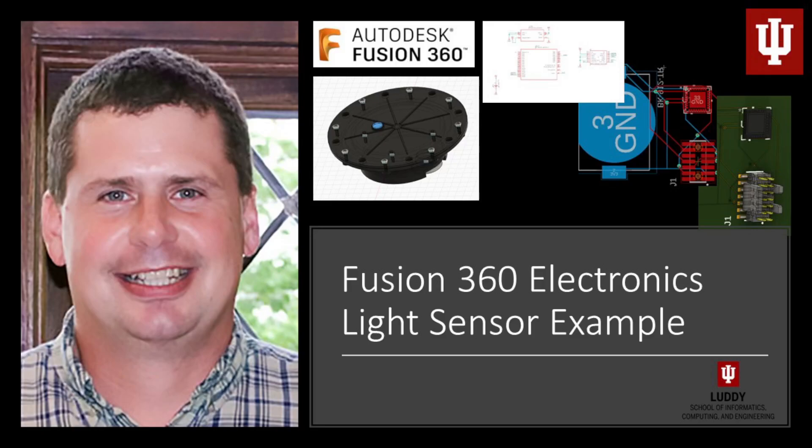All right, welcome back. In this video, what we're going to be doing is finishing up our schematics. So we've come to this point where we've got the schematic, the different sections: the power, the UART, the oscillator, the microcontroller itself, the light sensor, and the debug connector. We've got all those pieces put together in our schematic, our logical arrangement, we've wired it up.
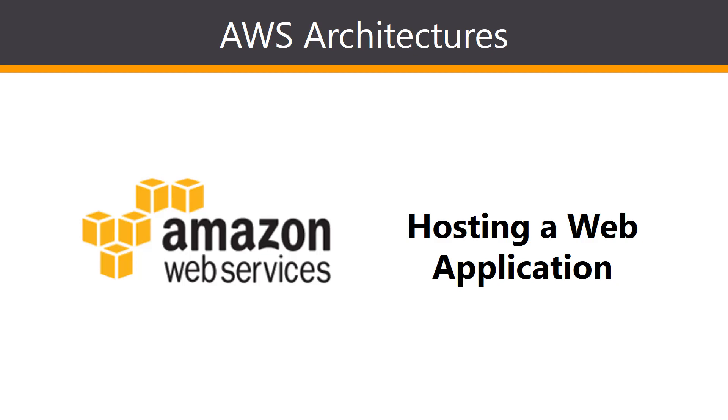Hi everybody and welcome to this lesson on looking at how we can build AWS architectures. This one is focused on how we can build an architecture that's going to be used to host a web application.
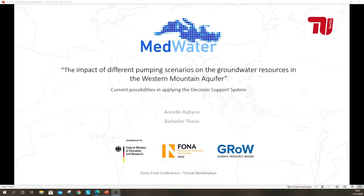Hello, everybody. I warmly welcome you to the virtual marketplace provided by the GrowFinal conference. My name is Annelie Oven, and in the framework of my bachelor thesis, I am investigating the impact of different pumping scenarios on the groundwater resources in the western mountain aquifer. To visualize and support my research, I use the decision support system developed by Vistat in the MedWater project. I am glad to give you an overview of the current possibilities of the DSS, putting an emphasis on the groundwater modeling options.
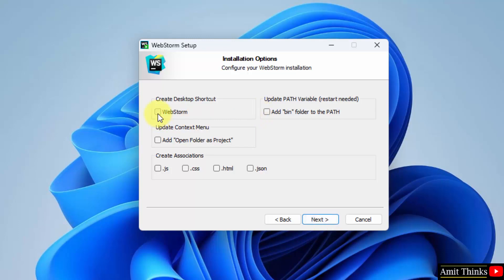You can create a desktop shortcut. You can also update the path variable and set other associations as well. But I will keep the same and click on next.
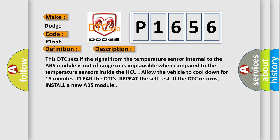And now this is a short description of this DTC code. This DTC sets if the signal from the temperature sensor internal to the ABS module is out of range or is implausible when compared to the temperature sensors inside the HCU. Allow the vehicle to cool down for 15 minutes, clear the DTCs, repeat the self-test. If the DTC returns, install a new ABS module.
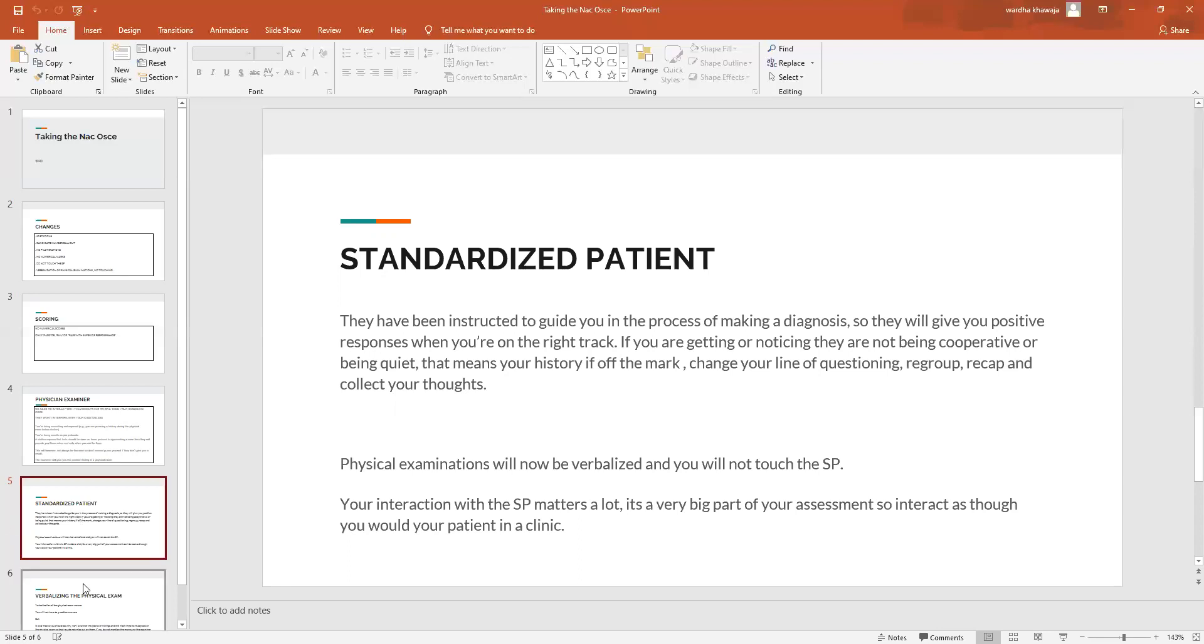The reason why you still have to be very attentive towards the SP is of course because the SPs are going to be asked for their feedback about you at the end of your case.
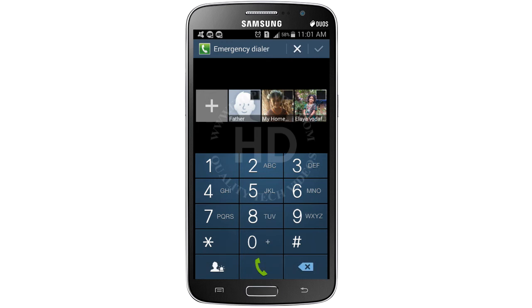Now select the contact which one you need to delete. Select the contact and touch on the tick mark. Now we have successfully removed the contact.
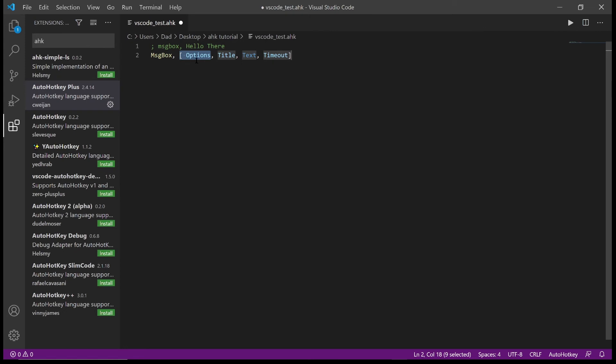And then it will also give you the options for that command. And there's a different color for each of the options. Most of them are in light blue, but text is in a darker blue, and that darker blue indicates that it's an essential parameter. Options is a number, and I know this because I've looked at the AHK documentation which we've looked at before. So that gives you a really straightforward description of how to use a message box and all the parameters and what they do.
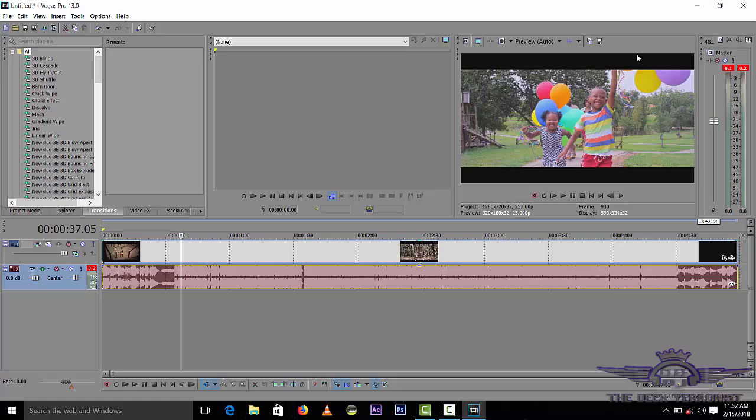People want to know some basics and some techniques on how to use Sony Vegas Pro 13. Before we start all those, I have showed you how to install it. The next class, I will start showing you more and more.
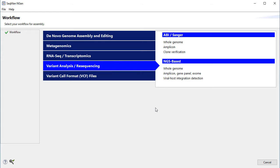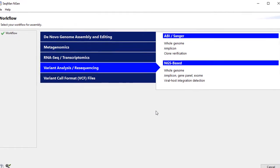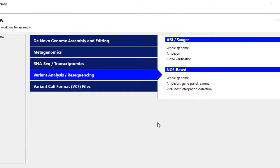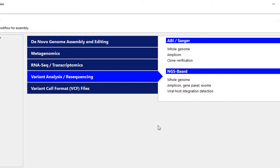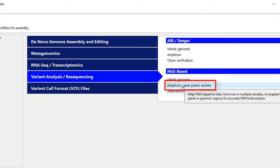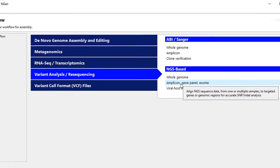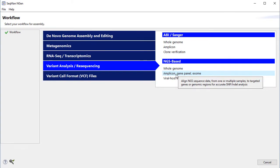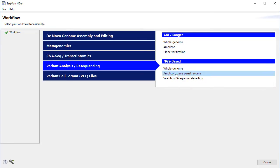To perform an exome or other targeted resequencing assembly, launch SeqMan Engine, then select Amplicon GenePanel Exome from the NGS-based variant analysis and resequencing workflows.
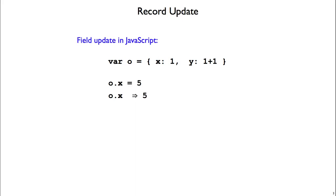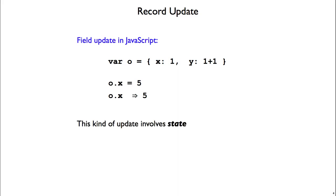So another thing that you can do with JavaScript objects is update the field inside of a record. So here we've got o.x, and we set that value to 5. Now the next time we read o.x, we get the result 5 back instead of the original value 1. This is what's called an imperative update. We've changed what's inside of the record, and you can think of this as a generalization of boxes to handle multiple fields.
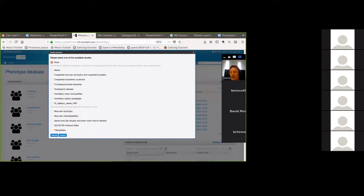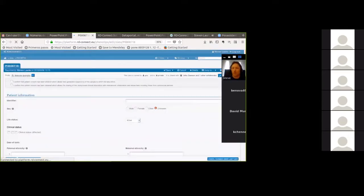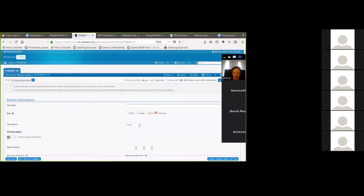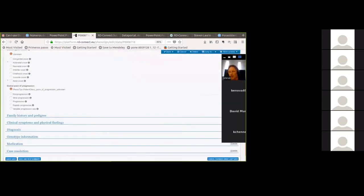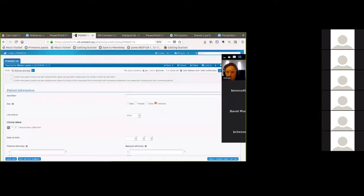This webinar is aimed particularly at the neuromuscular disease European research network, although other people here will find it equally relevant. If we select the muscular dystrophy template, what opens is an abbreviated form of all the possible entries and data you could enter into PhenoTips. This was designed for some of our research just to make life easier. The first thing we need to do is put in an identifier for our case — whatever you use as your local identifier.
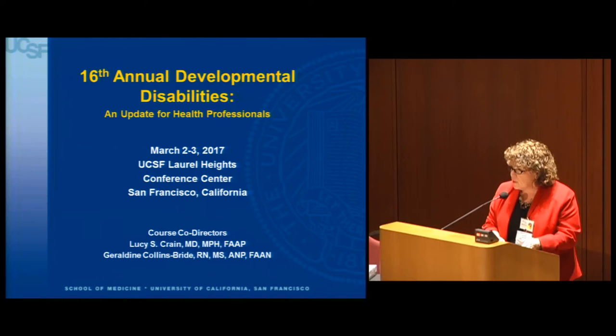I'm going to move right along to Dr. Rubin, who's going to talk about social and cultural determinants of developmental disabilities. Dr. Rubin. Thank you.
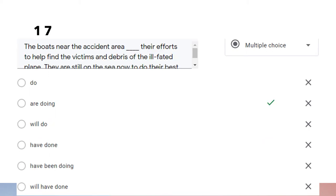Question number seventeen: 'The boats near the accident area are doing their efforts to help find the victims and debris of the ill-fated plane. They are still on the sea now to do their best.' The situation is still happening now, as indicated by the second sentence. Therefore we use present continuous form to indicate an activity that is still happening at the moment of speaking.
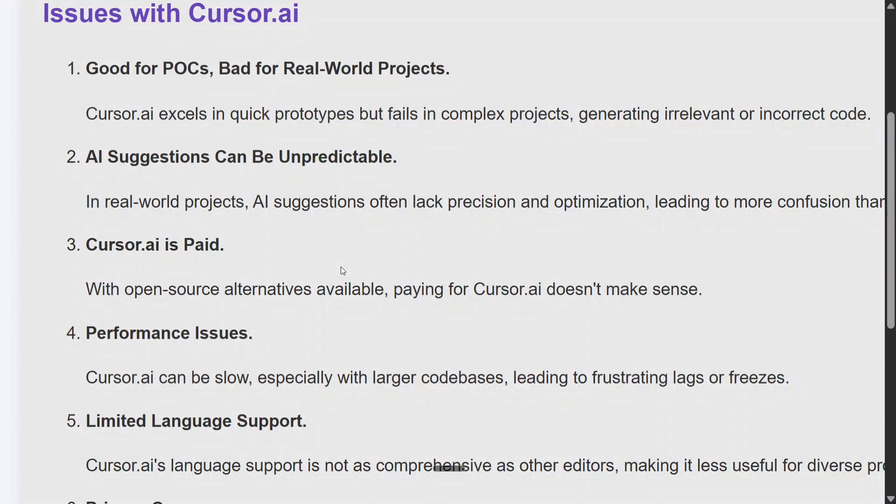Cursor.ai is paid, and I am totally against paid resources. There are many better IDEs that are free — like Cline, you might have heard of, and Windsurf, you might have heard of.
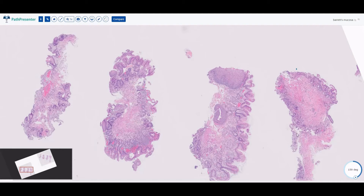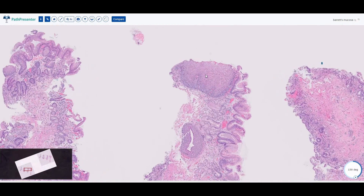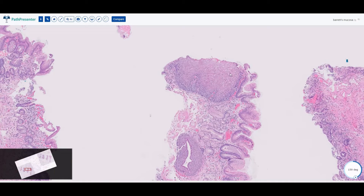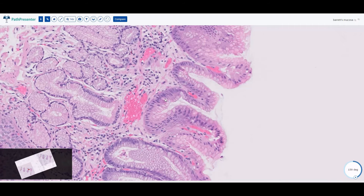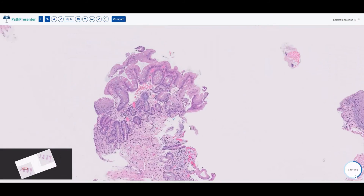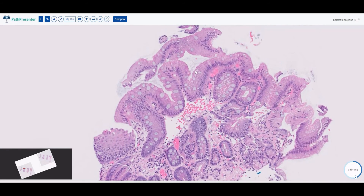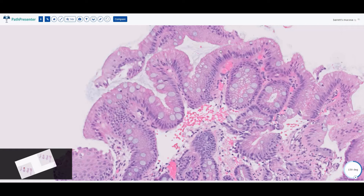Taken all together, you could call this whole junction squamous-columnar mucosa with features of reflux. Another very common thing that pathologists evaluate in the esophagus, especially around the GEJ, is Barrett's esophagus. Barrett's is a long-standing response to reflux esophagitis — when you have a lot of reflux and increased acid at the junction, the normal squamous mucosa doesn't like acid so it transforms more into foveolar epithelium, which helps the esophagus withstand long-standing acid.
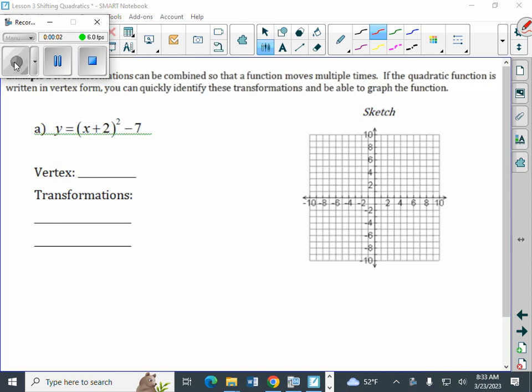As we put our paper over, transformations can be combined so that a function moves multiple times. If the quadratic function is written in vertex form, as our examples here on example number 2 are, we can quickly identify the transformations and be able to graph the function.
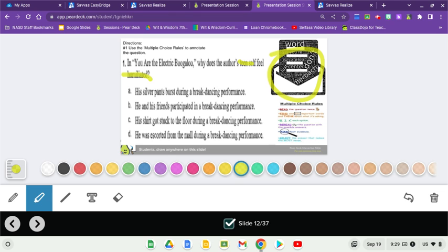Let's try which makes him feel humiliated. Is it A: His silver pants burst during a breakdancing performance? When your pants burst, rarely will it not involve humiliation. B: He and his friends participated in a breakdancing performance?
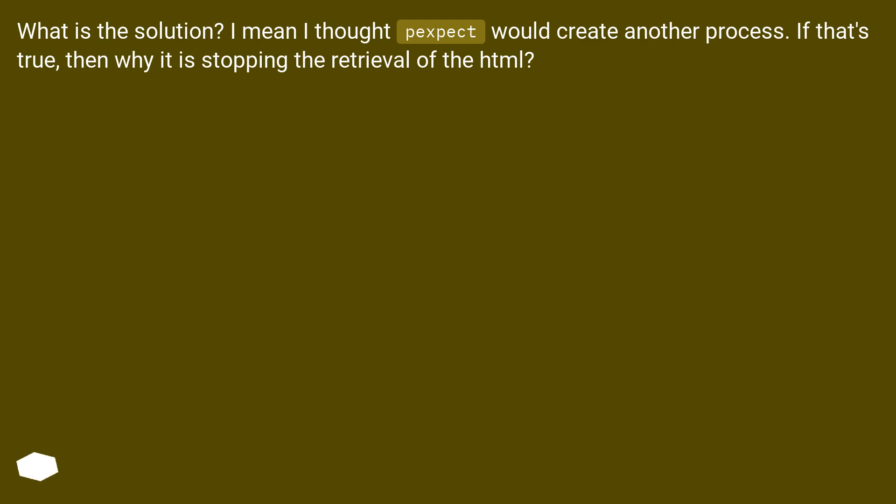What is the solution? I mean, I thought Pexpect would create another process. If that's true, then why is it stopping the retrieval of the HTML?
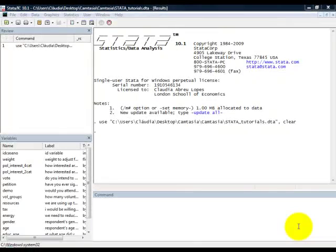In this video, I will show how to obtain a correlation matrix for continuous variables. We are using the data set stata underscore tutorials dot dta.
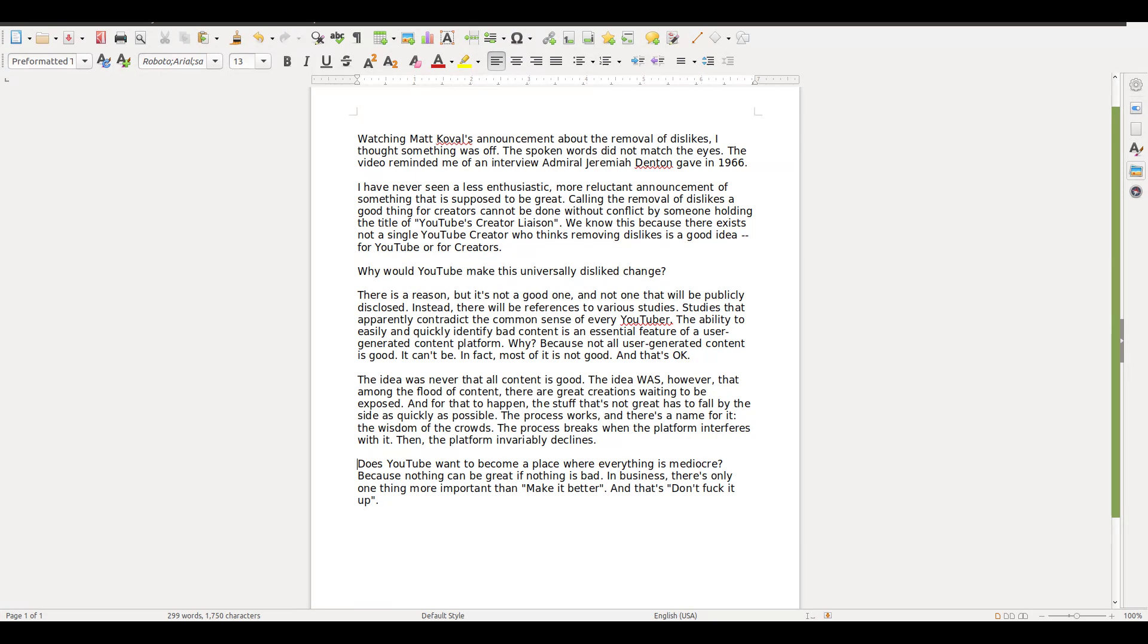So he's saying that everybody who watches YouTube, everybody who creates content like me, hates this idea. I personally have a neutral feeling about this. He asks, 'Why would YouTube make this universally disliked change?' Well, it's not universally disliked, at least I don't think so.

○ ○ ○

- THE TASK -
Exactly the lines above, from the one containing "People want to" down to the one containing "This webinar is", are to be repeated, including both ends. Pictures are not part of the copy.

- COMPLETED EXERCISE -
People want to know some basics and some techniques on how to use Sony Vegas Pro 13. Before we start all those, I have showed you how to install it. The next class, I will start showing you more and more.
To perform an exome or other targeted resequencing assembly, launch SeqMan Engine, then select Amplicon GenePanel Exome from the NGS-based variant analysis and resequencing workflows.
So another thing that you can do with JavaScript objects is update the field inside of a record. So here we've got o.x, and we set that value to 5. Now the next time we read o.x, we get the result 5 back instead of the original value 1. This is what's called an imperative update. We've changed what's inside of the record, and you can think of this as a generalization of boxes to handle multiple fields.
This webinar is aimed particularly at the neuromuscular disease European research network, although other people here will find it equally relevant. If we select the muscular dystrophy template, what opens is an abbreviated form of all the possible entries and data you could enter into PhenoTips. This was designed for some of our research just to make life easier. The first thing we need to do is put in an identifier for our case — whatever you use as your local identifier.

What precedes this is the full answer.